‘Economically feasible’?

Enough with the doomsday proselytizing of the Church of Global Warming. So much time and effort has been spent selling the idea that our reliance on fossil fuels is causing a planetary catastrophe that no one is asking the really important questions: If the world goes cold turkey on oil and coal, will anything change, and how much will it cost?

Demand for energy will only rise in the decades and centuries ahead, so the resources needed to power our automobiles (even ones that run on batteries) and our air-conditioners in a warmer future has to come from somewhere. Replacing every internal-combustion engine, every oil refinery and every coal-fired power plant with energy sources that do not emit carbon would cost trillions of dollars.

That’s a politically impossible price tag, especially for nothing more than a theory that higher temperatures might do more harm than good.

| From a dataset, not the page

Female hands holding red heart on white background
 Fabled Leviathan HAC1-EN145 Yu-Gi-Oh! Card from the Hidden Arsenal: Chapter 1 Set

Contrary to what most global warming zealots claim, costs are not irrelevant — not when limited resources could be used to immediately benefit humanity in ways with much more scientific certainty. And not when scientists admit that dismantling entire economies would bring little benefit in the realm of climate change.

Papers recently published in the journals Geophysical Research Letters and Global Biogeochemical Cycles claim the world would have to stop emitting carbon altogether within a few decades to rein in rising temperatures. That’s not a misprint — no carbon emissions anywhere before the middle of this century. Note to the world’s jet-setting celebrity environmentalists: Such a mandate would ground airplanes.

“In the end, this is a value judgment, it’s not a scientific question,” University of Washington philosophy professor Steve Gardiner, who studies climate change, told The Washington Post. Creating a carbon-free society “appears to be technically feasible. The question of whether it’s politically feasible or economically feasible is a separate question.”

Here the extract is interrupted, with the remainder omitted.